I really miss her. I mailed her down a parcel of Halloween candy though which will hopefully get through and not get counted as a mail-in ballot.

One thing that I've been doing perhaps is the common mistake of projecting. I am unhappy so I presume S is unhappy. I'd like to use my "make it didn't happen" wand and project that she's looking for the door. We actually can know none of these things despite the evidence that we see.

Yesterday I did actually go through and enunciate some of the reasons why I'm not happy. Some of them are necessarily vague - like losing my "spark", not able to do the things that used to bring me joy, a feeling of disrespect for me and the surroundings. When I mentioned that I was upset that the handmade quilt my grandmother had made for me 30+ years ago was pulled out and tossed onto a pile of S's stuff, her response was to say "it was still in the box". She just doesn't "get it" I am sure. I joked (I always joke) that I felt like Dobby the house elf a lot of the time. She responded that she doesn't know where my socks have gone smile . I was glad that while we lay there and talked that she seemed to listen and didn't get obviously defensive and upset.
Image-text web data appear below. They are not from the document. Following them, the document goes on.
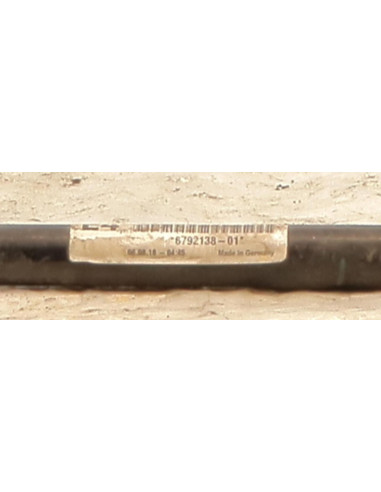 Barre stabilisatrice BMW SERIE 3 F31 TOURING PHASE 2 BREAK Diesel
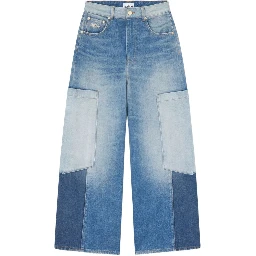 GANNI Jeans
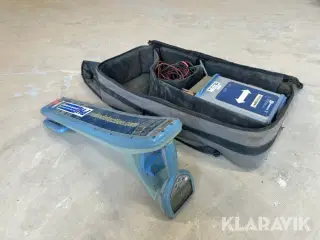 Kabelsøger Radiodetection RD4000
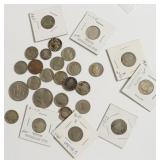 GRAB BAG OF COINS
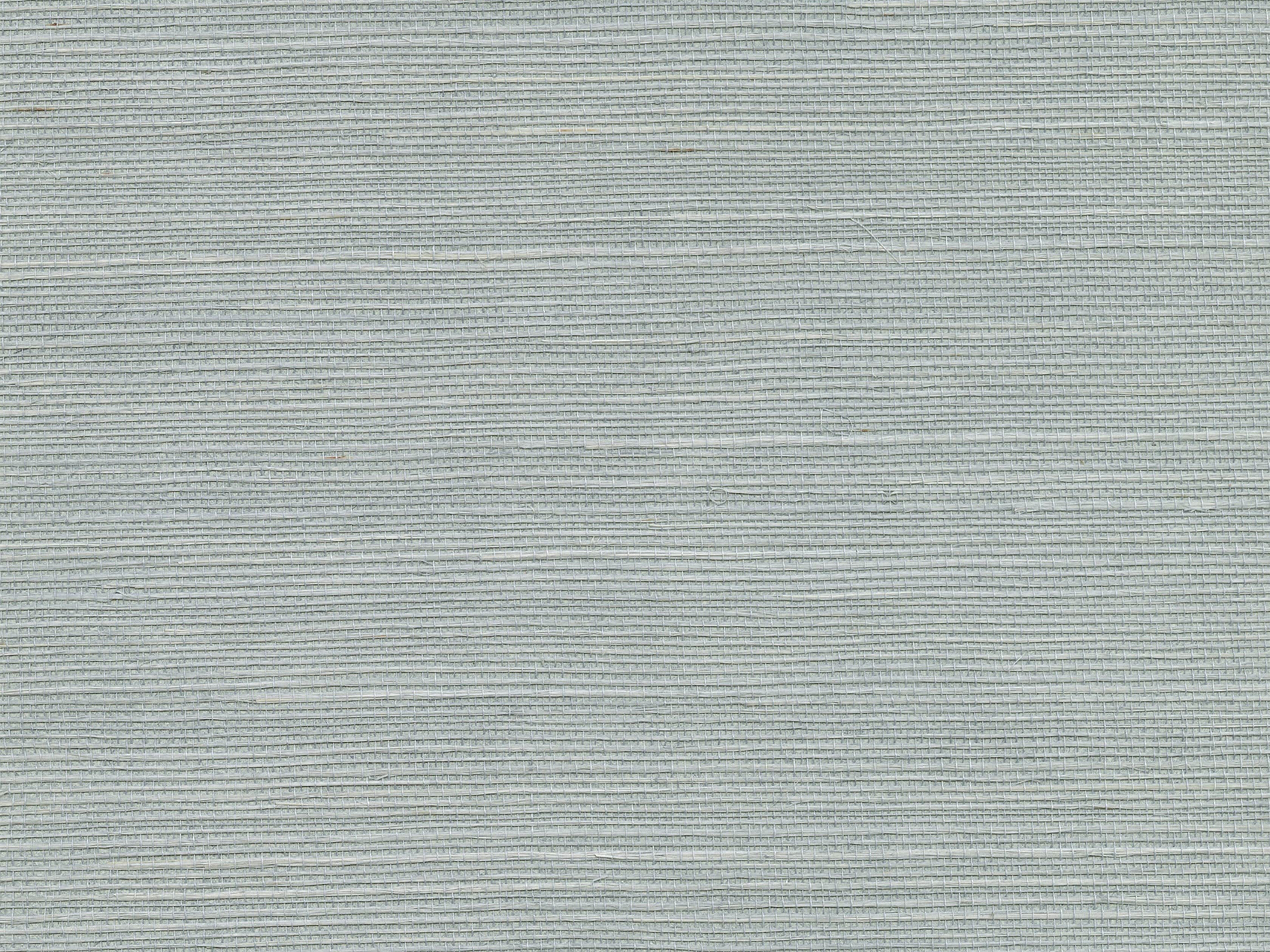 Cormic Grasscloth Wallpaper in Slate Gray - Arhaus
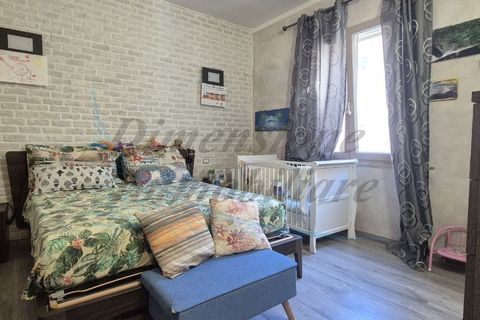 Villa a Rosignano Marittimo, Livorno, Rosignano Marittimo - € 315.000 | Ref: R415 - foto 18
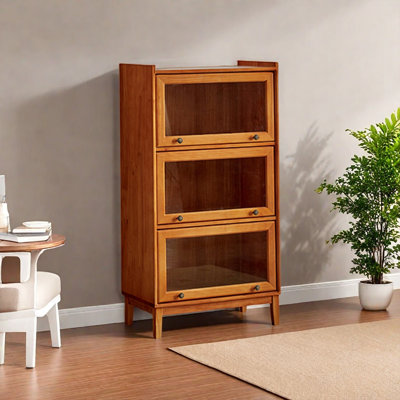 Bibliothèque polyvalente pour le rangement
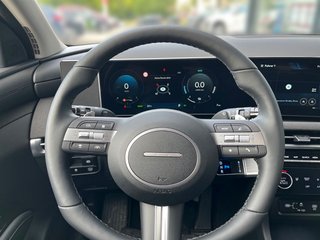 Hyundai TUCSON Hybrid Trend Automatik Voll-LED Totwinkel - foto 9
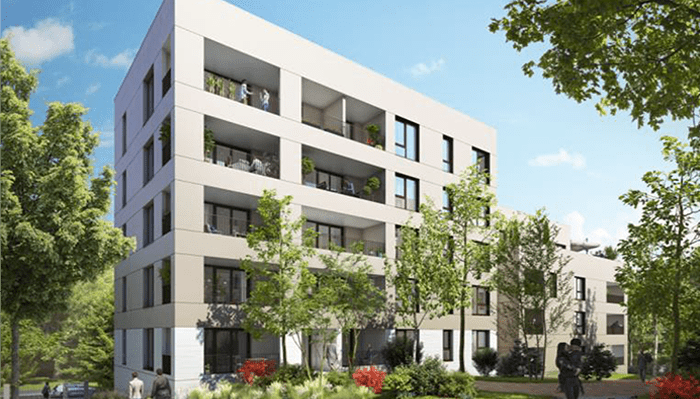 lyon-5eme-nue-propriete programme immobilier neuf Lyon 5eme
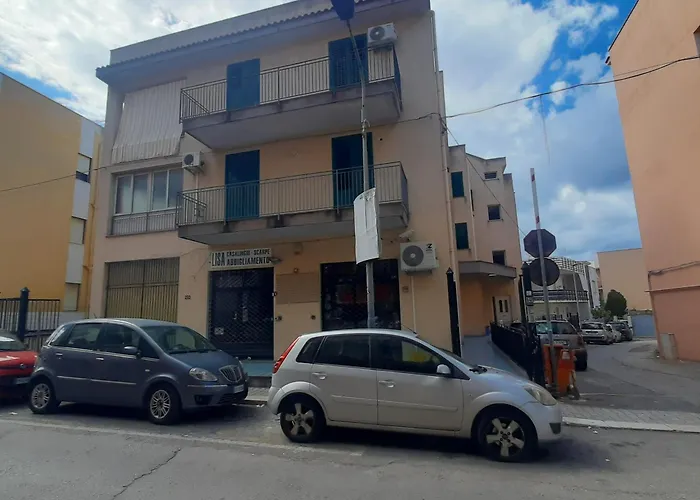 Apartment Maria Isabella Appartament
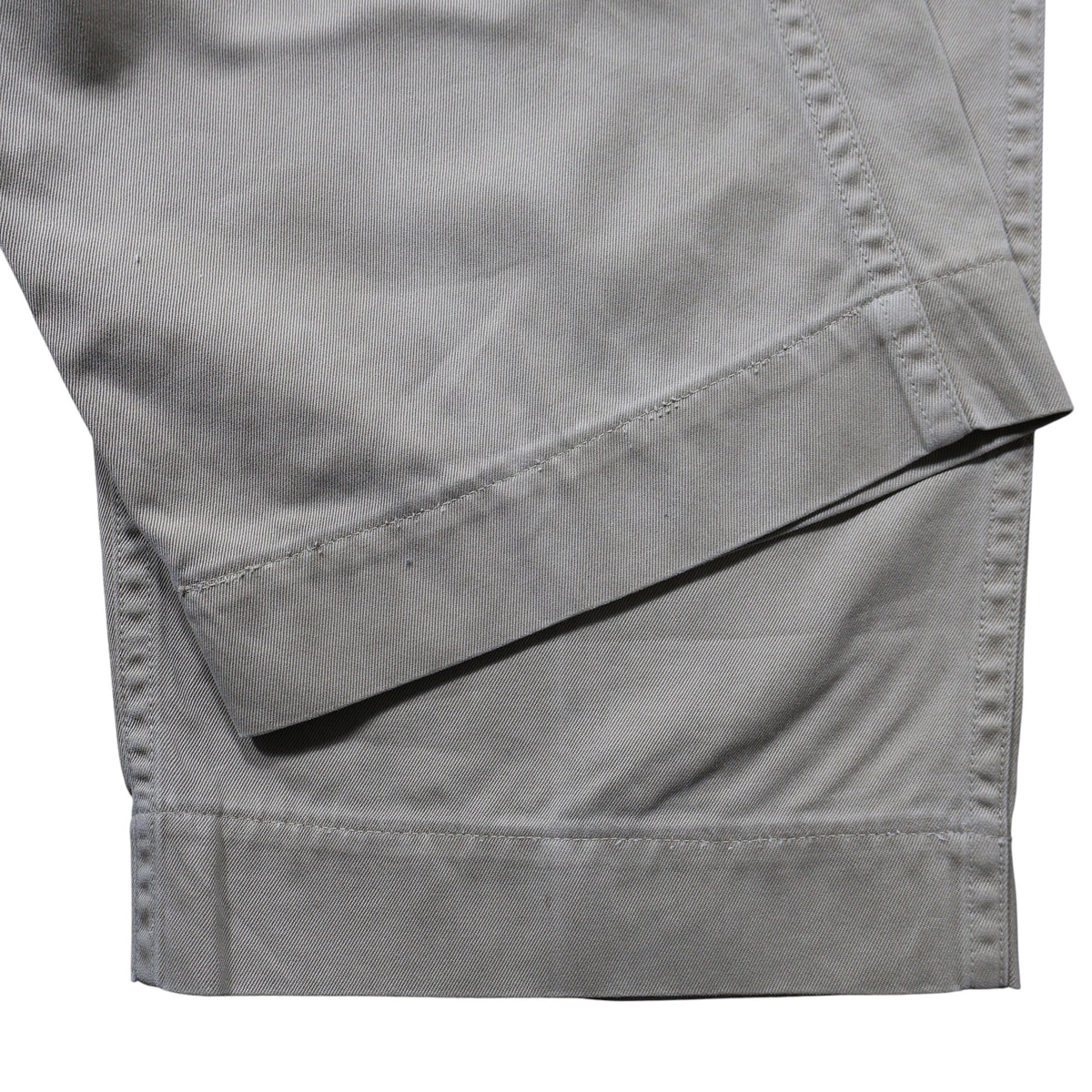 40s USARMY 45khaki チノパン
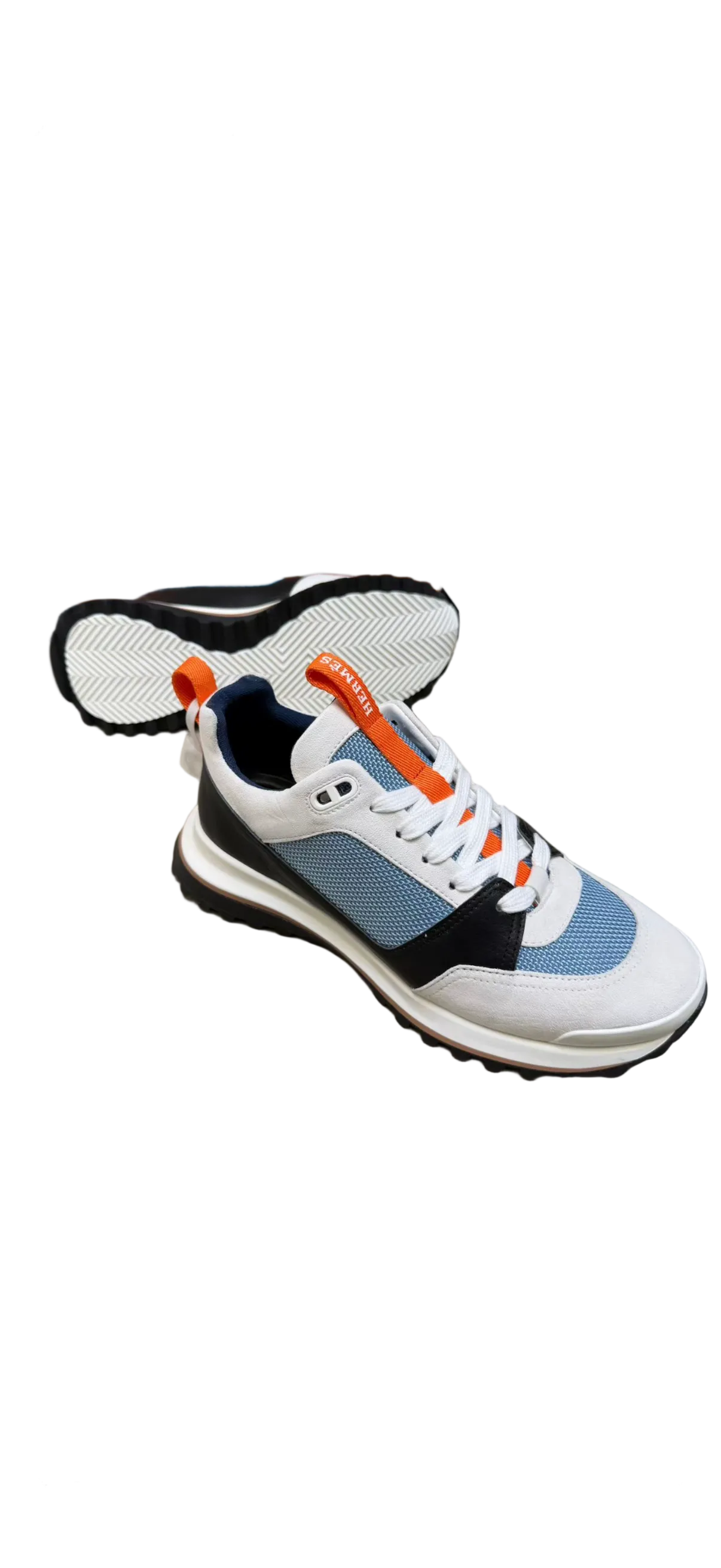 Sneakers hermes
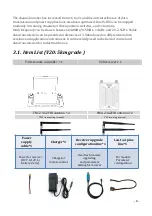 Предварительный просмотр 6 страницы Foxtech T30s User Manual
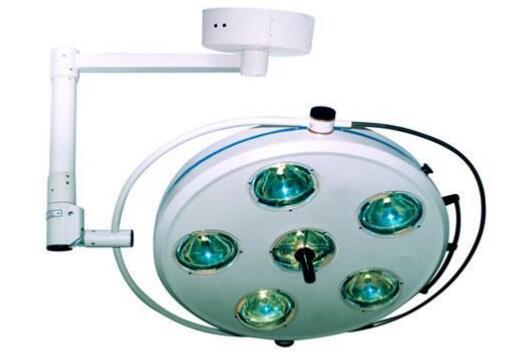 THR-L2000-6-II Operating Lamp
S has made suggestions since on "fixing" things as well as before. I could make a pie she suggested. She did say that we should spend a day together while I'm on vacation this coming week, perhaps recreating one of the dates we had wandering trails that we enjoyed so much. It was a really really good day.

I was joking with a friend the other day that in some ways this is like having a skunk under the back deck. They're kinda cute and you mean them well, but the stink can be a problem.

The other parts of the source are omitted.